Premesso che era noto a tutti che la CRI non avrebbe assorbito i circa 2000 precari, tant’è che la stessa finanziaria 2008 parla di incontro CRI/Stato/Regioni/ministeri competenti; io stesso lo ribadii in un volantino (in risposta ad una sigla sindacale che era contraria perché tutti dovevano essere assunti in CRI) sottolineando che l’importante era essere assunti a tempo indeterminato in strutture pubbliche.
Premesso questo, qualcosa non torna! Mentre tutti i sindacati fanno a gara a chi informa di più su come fare il ricorso, la domanda etc a scala nazionale e capillare, di tutto quanto scritto sopra degli incontri in regione Lombardia etc nessuno dice niente, se qualcuno dei circa 2000 precari ne sa qualcosa è solo per averlo letto sul sito (fra l’altro uscito a spizzichi e bocconi dopo tante discussioni).

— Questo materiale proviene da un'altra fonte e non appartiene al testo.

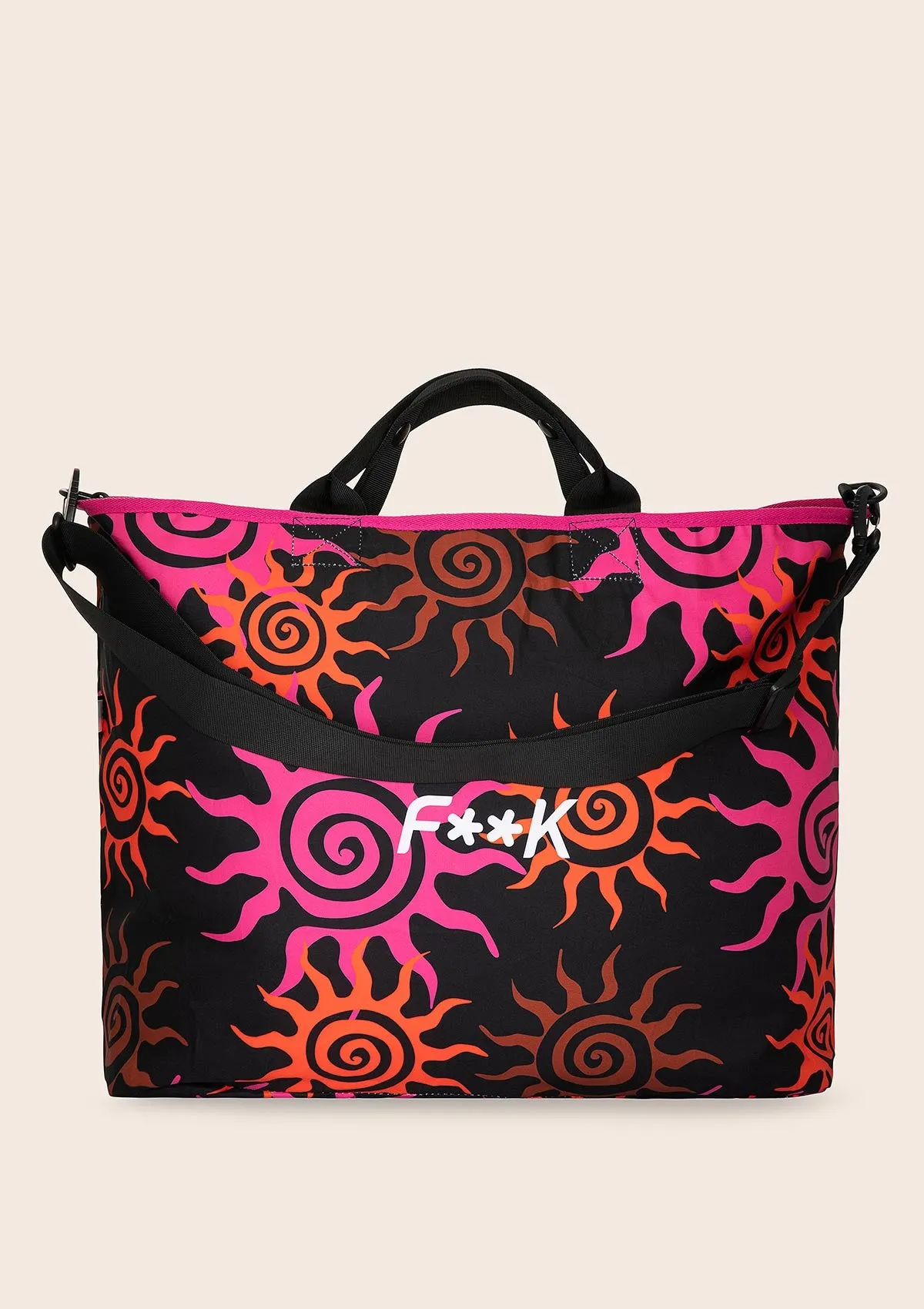 Reversible unisex bag f ** k Fantasy U01AU91-X03 sold by F**K Official product image thumbnail 2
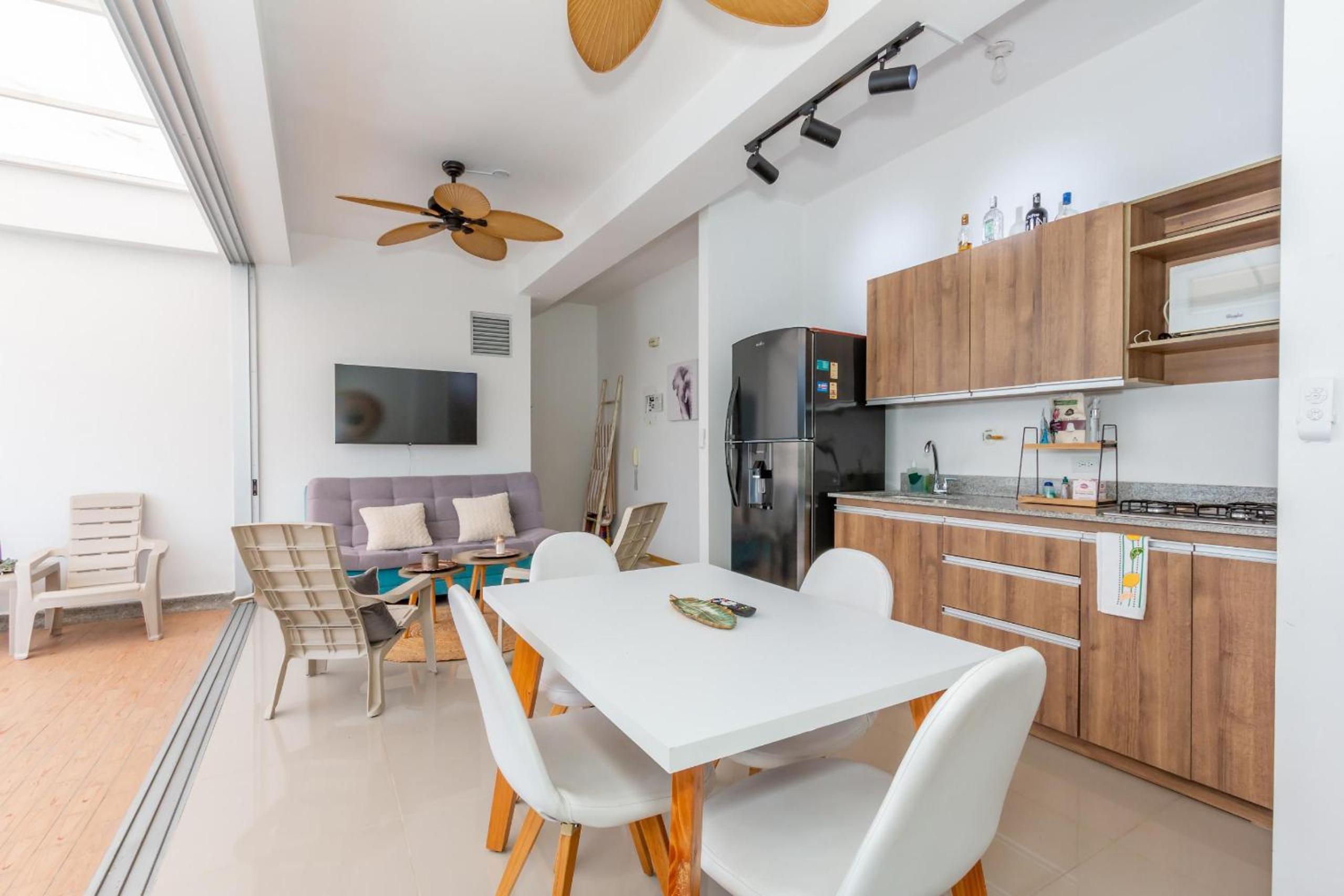 Apartamento Vacacional San Jeronimo Paraíso Bali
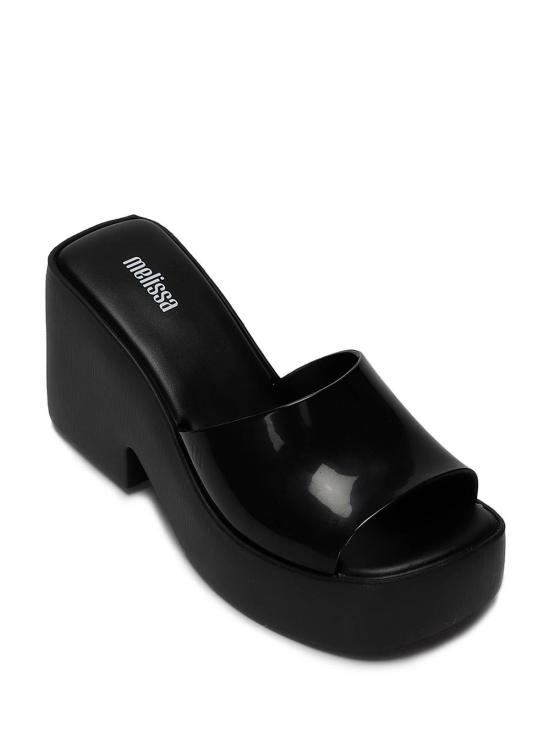 26SS 멜리사 뮬/슬리퍼 35702AQ08202064AD Black - MELISSA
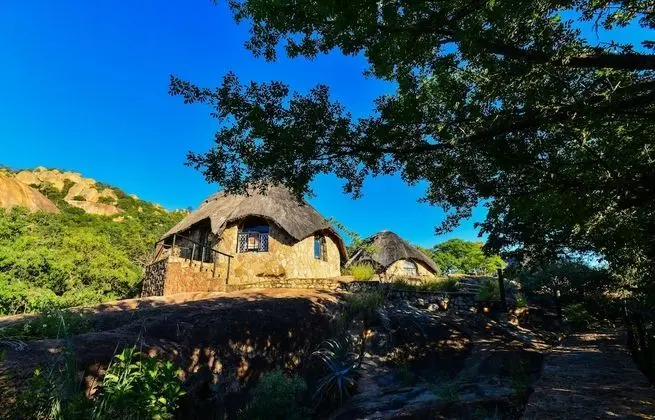 Standard Dağ Evi, 2 Tek Kişilik Yatak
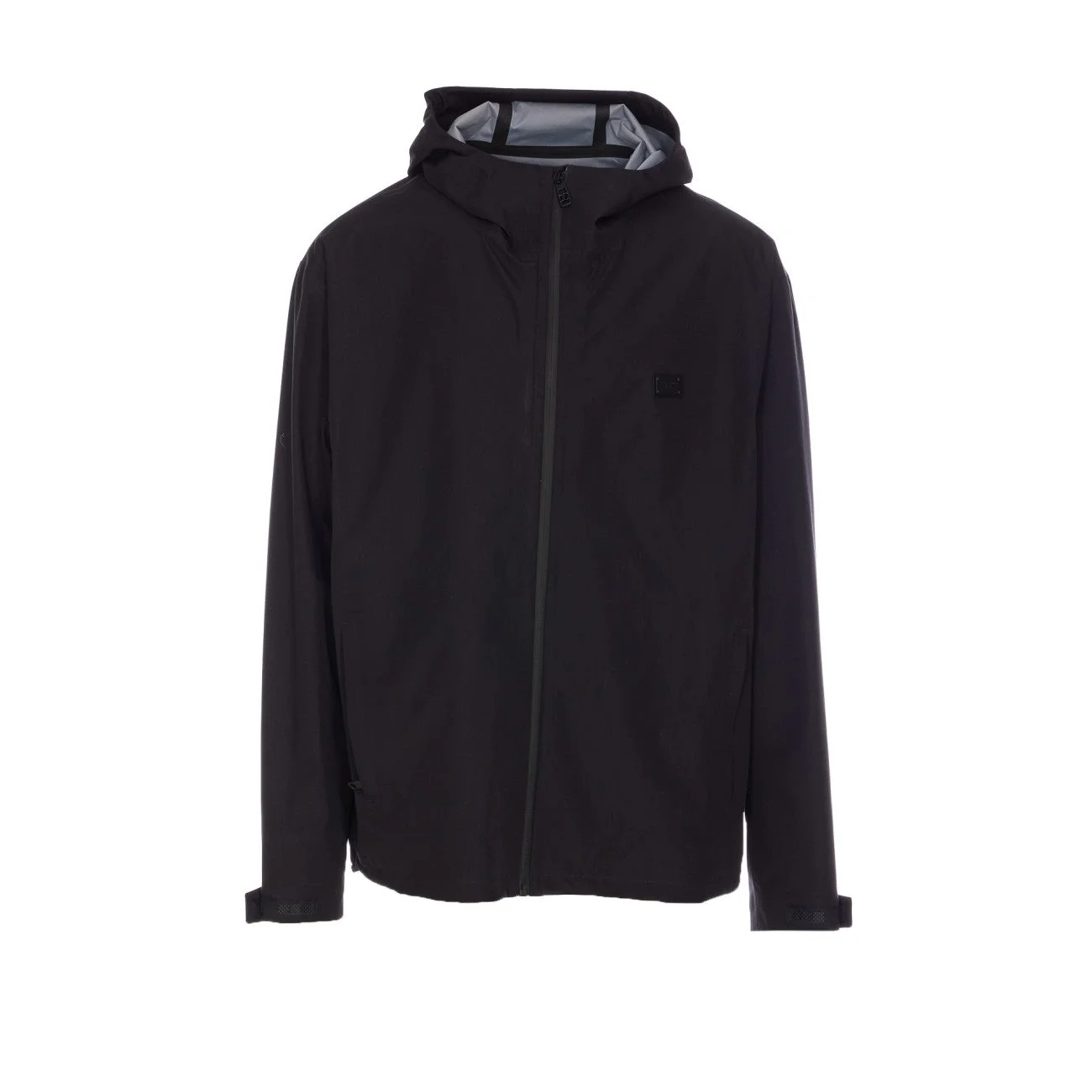 Dolce&Gabbana Men Logo Plaque Jacket - 1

No! non ci sono complotti, sotterfugi, furbizie etc. tranquilli non mi interessa sostenere tali tesi. L’ho già scritto vista la difficoltà a livello nazionale qualcuno sta procedendo a livello regionale (ho gia detto che non son d’ accordo e perché e non mi dilungo su questo!) ok.

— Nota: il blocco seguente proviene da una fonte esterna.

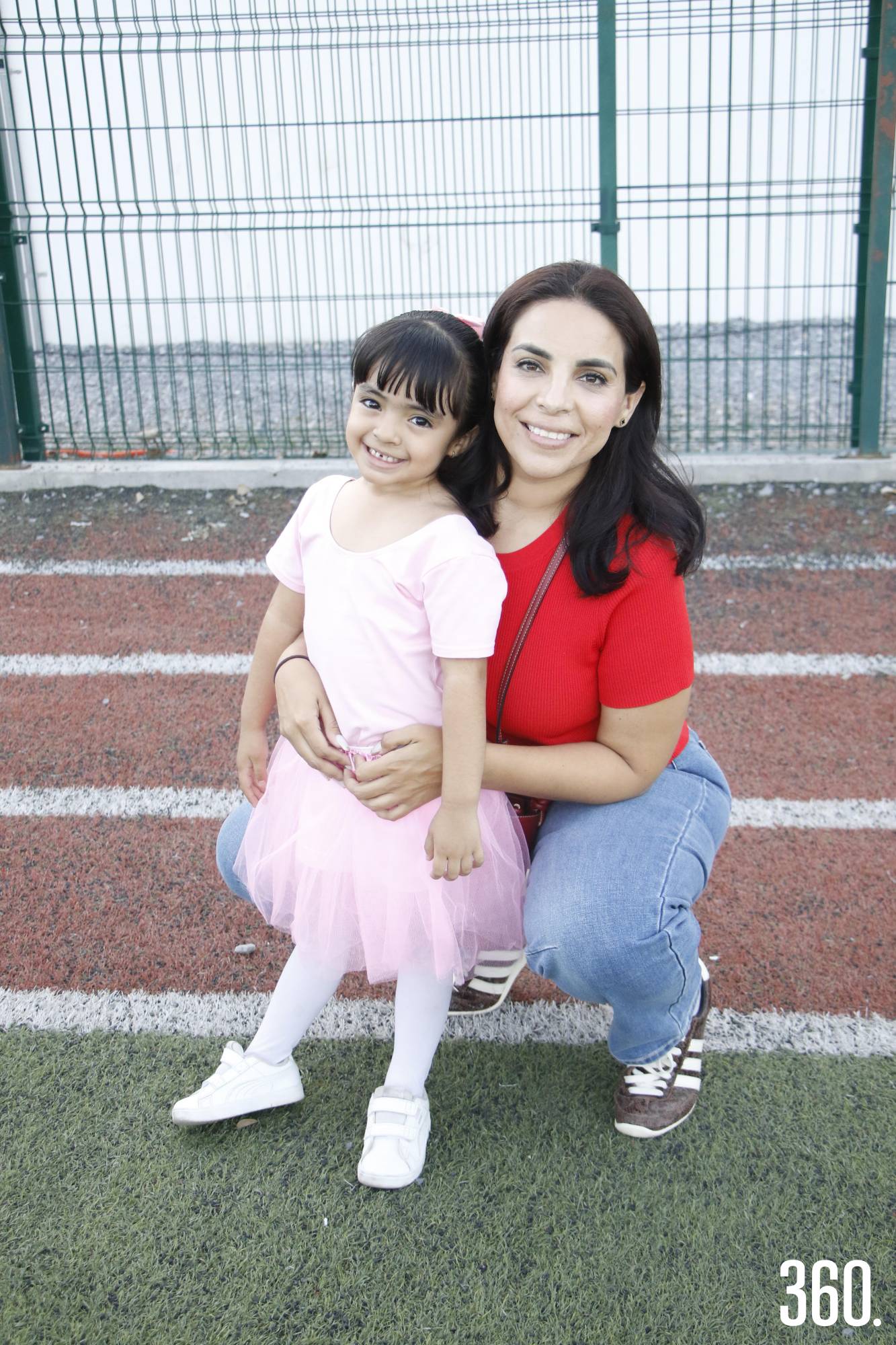 $!Iliana Vargas y Carla Obregón.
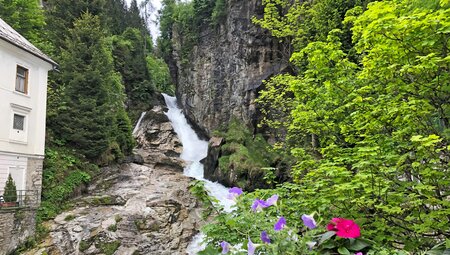 Alpe-Adria-Radweg I Salzburg-Villach 7 Tage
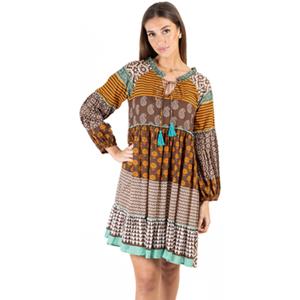 Isla Bonita By Sigris Korte Jurk  Korte Jurk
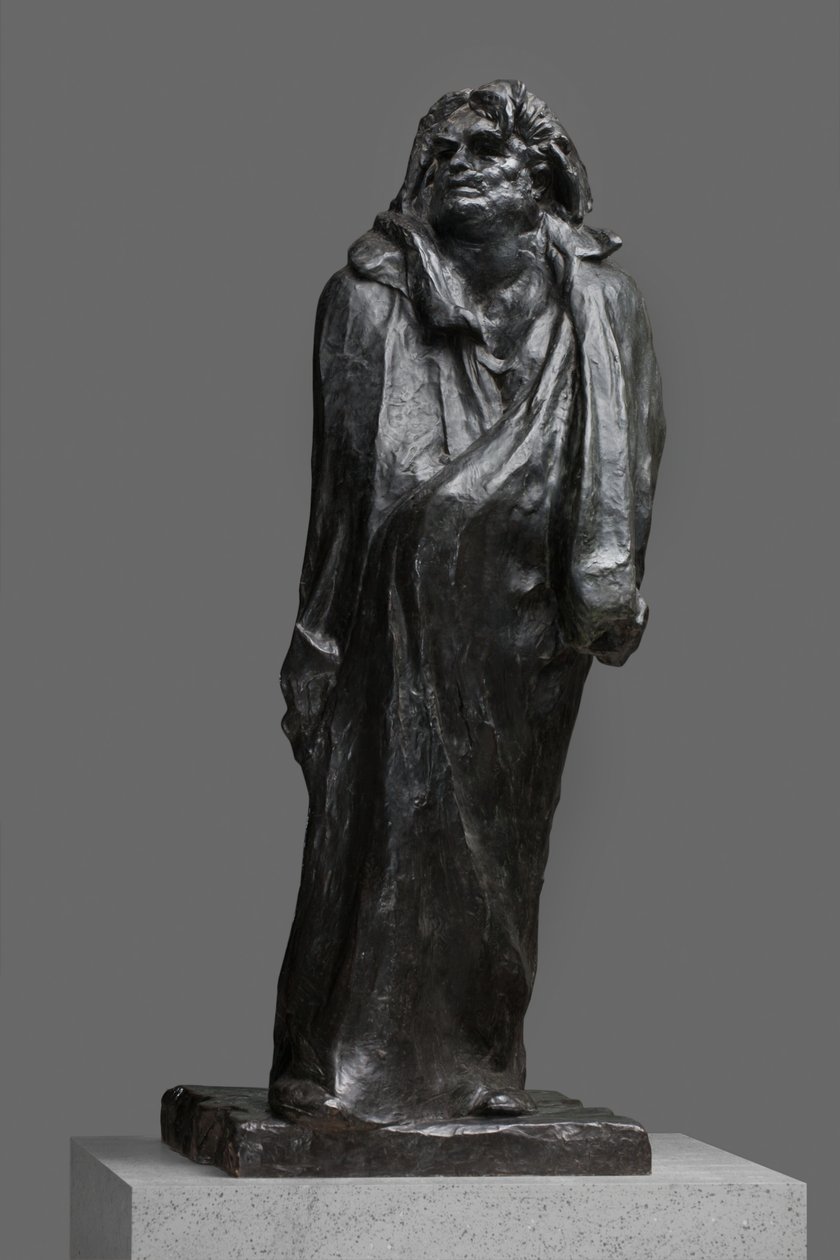 Balzac door Auguste Rodin
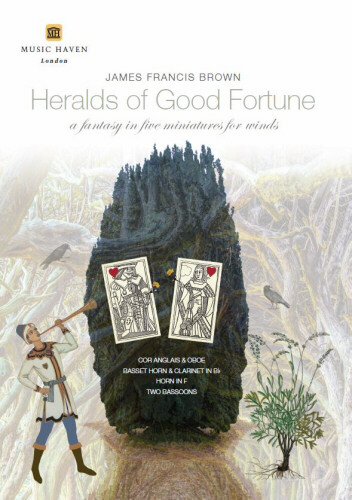 HERALDS OF GOOD FORTUNE (score & parts)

La domanda per le sigle sindacali è questa visto che a breve a quanto mi consta avranno un altro incontro con la regione Lombardia e credo anche Niglio: I precari delle altre regioni (e sono molti piu’ della maggioranza) dove non sarà possibile fare quanto si prospetta in Lombardia per tante ragioni, che fine faranno? E qualora si possa intraprendere tale strada cioè di aprire tavoli con le regioni perché non lo si sta facendo contemporaneamente e magari farli aprire con la presenza del governo e “forti” (si fa per dire della finanziaria 2008)?

Ai lavoratori precari.
In Lombardia le sigle sindacali credo più o meno tutti (si ci sarà anche la cgil alla fine nonostante qualche confusione iniziale!) stanno facendo quanto sopra in perfetto anticipo, in fatto di federalismo, rispetto ai Barra o ai sottosegretari, nelle altre regioni saranno dolori cari lavoratori precari, sarebbe il caso di cominciare a smuovere il sedere (come vado di cendo ormai da tempo!) altrimenti per molti di voi nella migliore ma molto migliore delle ipotesi si prospetterà qualcosa simile alla SISE siciliana oppure a casa!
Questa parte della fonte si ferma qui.